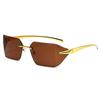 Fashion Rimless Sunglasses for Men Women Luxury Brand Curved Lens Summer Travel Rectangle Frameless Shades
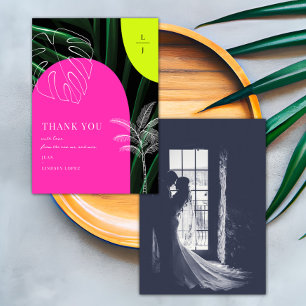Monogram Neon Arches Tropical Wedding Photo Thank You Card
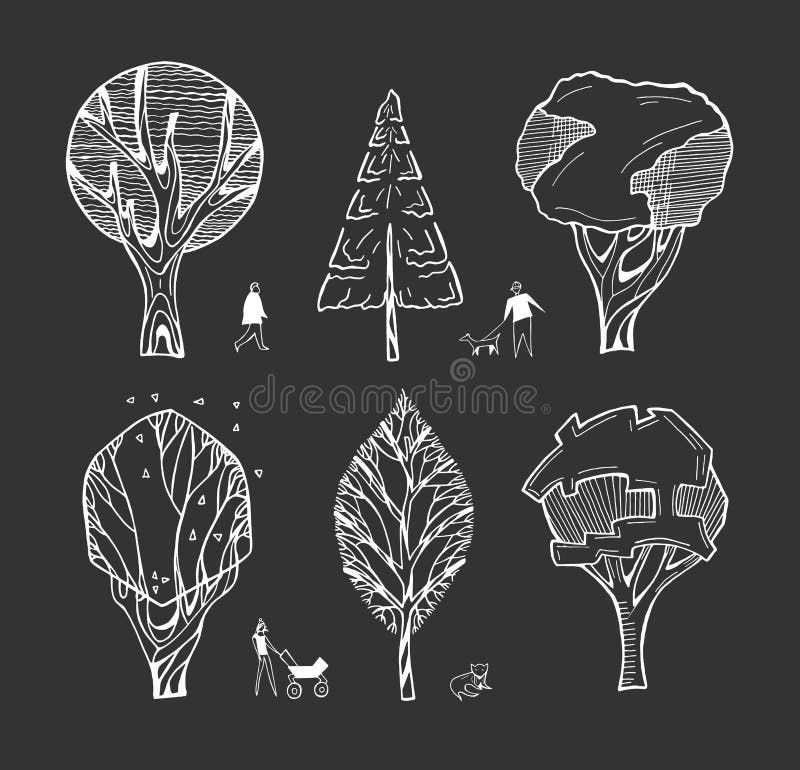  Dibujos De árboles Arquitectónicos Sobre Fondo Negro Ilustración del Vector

● ● ● ● ● ● ●

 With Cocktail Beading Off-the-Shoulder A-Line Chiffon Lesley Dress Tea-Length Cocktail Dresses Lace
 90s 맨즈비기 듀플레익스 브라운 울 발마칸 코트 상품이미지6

● ● ● ● ● ● ●

» Exercise prompt:
Reproduce the listing above only between the lines holding "Fashion Rimless Sunglasses" and "Dibujos De árboles", inclusive. Every line must match exactly, and pictures are dropped.

» Written answer:
 Fashion Rimless Sunglasses for Men Women Luxury Brand Curved Lens Summer Travel Rectangle Frameless Shades
Monogram Neon Arches Tropical Wedding Photo Thank You Card
  Dibujos De árboles Arquitectónicos Sobre Fondo Negro Ilustración del Vector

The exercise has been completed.